The ongoing coronavirus pandemic has forced airlines to hibernate their heavy jets, opening the way for general aviation to operate into and out of the major airports. This gives a never-to-be-repeated (hopefully, the industry couldn't cope with this again) opportunity for GA pilots to experience landing at a capital city international airport. I indulged in this myself a couple of weeks ago as part of The Wedgetails formation out of Lilydale, and the following day, air show favourites The Stooges grabbed their chance at Sydney. Back in the days when we had to share the skies with pterodactyls, you had to fly into a primary controlled airport to get your PPL and for some reason Essendon wasn't considered acceptable. Consequently, Melbourne International was plagued with Warriors and C172s wanting to play in their airspace just to qualify. I did this myself back then, although admittedly ML is a very different airport today. My point being is that opportunities like this are too good to reject and I would encourage everyone to have a go whilst they can. It will be a jewel in your logbook. Expensive? Yes; the landing fees are horrendous, but it's worth every cent to say that you did it. Hint: prepare well. My thanks to Melbourne Airport Corporation and Airservices Australia for giving this project the nod.

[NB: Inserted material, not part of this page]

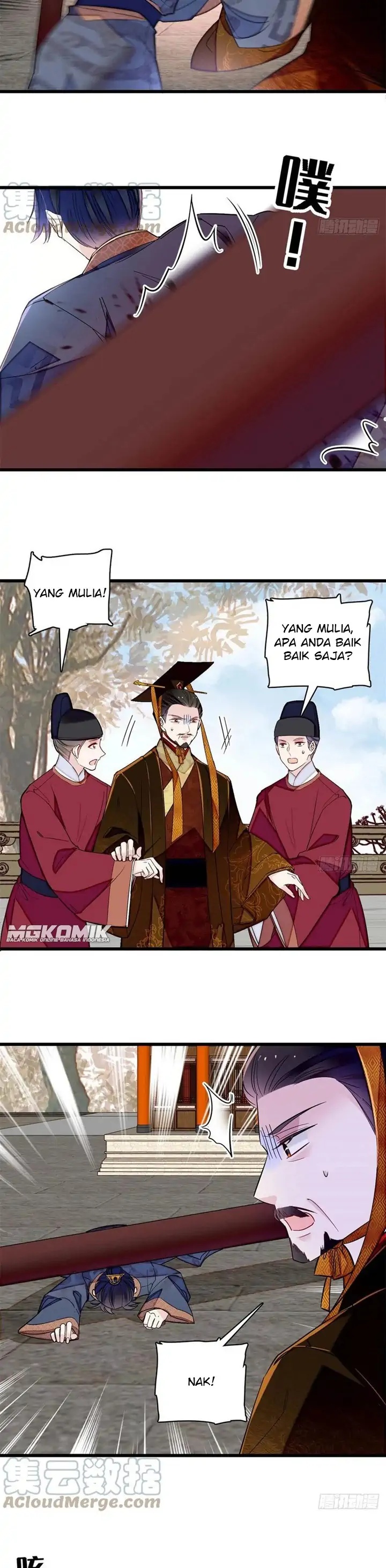 Sijin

The 2020 CASA Wings Awards are now open and looking for nominations. Every year since 2014, the Australian Division of the Royal Aeronautical Society (RAeS) and Australian Flying have banded together to present a series of awards to recognise the efforts and dedication of the people that keep general aviation running. The pinnacle is the Col Pay Award for a Lifetime of Service to General Aviation, which we are very pleased to have presented to some of the most hard-working, dedicated and deserving people in GA. Now this year we're looking for more people to honour. And we have a new category: Young Achiever of the Year. We want to reward passion and drive early in people's careers, and there are so many young people out there doing truly good work for GA. If you know someone like that, tell us, tell the whole world, and give them every chance to be recognised for what they are doing. For 2020 we've instituted a new nomination system that is totally online to make it much easier for everyone to get their submission in. Have a look at the criteria and nomination forms on the Wings Awards webpage. We want also to extend our thanks to the Civil Aviation Safety Authority for supporting this year's awards. CASA has been doing some very good work to help the industry during the pandemic and their support of the Wings Awards will go along way to help Australian Flying see off the impacts of the downturn and make sure when this is all over the magazine is still there for the reading.
And speaking of pandemics, we'll be leaving our COVID-19 survey open for another week. After that, we'll start doing some analysis and let you know the outcome. However, the preliminary perusal of the data is showing that it won't be pretty.